A REDE DA VARANDA

Ana Helena Biagiotti Esteves
Clube da Escrita Afetuosa
2 min readMar 30, 2022

Ela se instalou na varanda do quarto há dois anos. Anos atípicos, em que eu viria a passar muito mais tempo nesse dormitório — ele havia se transformado também em local de trabalho.

Passávamos bastante tempo perto uma da outra. Da escrivaninha em frente a cama, bem pertinho da janela, conseguia ouvir o rangido do seu balançar toda vez que a brisa entrava suave pelo quarto, subindo por minhas costas. Cosquinha nos meus ouvidos.

A rede me convidava o dia todo a sair do ângulo reto em frente a tela e me acochar em sua trama. Ali, ela me oferecia a frestinha de céu que escapa por entre os prédios e um embalar ritmado que me embriagava deliciosamente.

Comecei a ceder a seu charme aos poucos. Me deixava abraçar por ela para atender uma ou outra rápida ligação ou para assistir ao tipo de reunião que requer pouca participação, câmera off.

Assim, sem perceber, foi acalentando aquela rotina que havia se imposto árida e asséptica demais. Me pegava no colo e me ninava quando, por dentro, eu esperneava como uma recém-nascida que não sabe se fazer acalmar.

Quando um novo momento se iniciou pra mim e deixei de ver o posto ao seu lado como identidade, me tornei habitué de vez.

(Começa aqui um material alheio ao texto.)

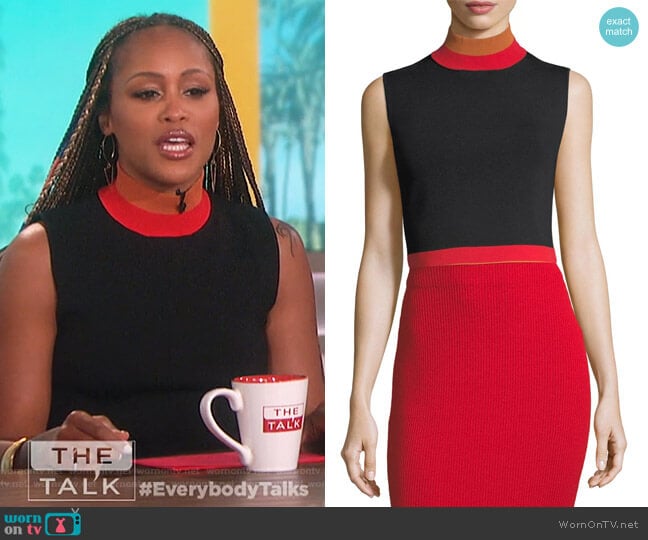 Solace London Sleeveless Cropped Turtleneck Rib-Knit Top worn by Eve on The Talk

Continuo encontrando nela o acolhimento maternal dos encontros iniciais, mas sua oferta se expandiu generosamente.

Seu balanço agora é luz para meus pensamentos. Inspiração. Movimento. Ação.

Seu balanço agora é silencio para meus pensamentos. Expiração. Pausa. Procrastinação.

A rede da varanda era útero. Agora é renascimento. Me espelha ao confirmar que posso ser luz e silencio. Inspiração e expiração. Movimento e pausa. Ação e procrastinação.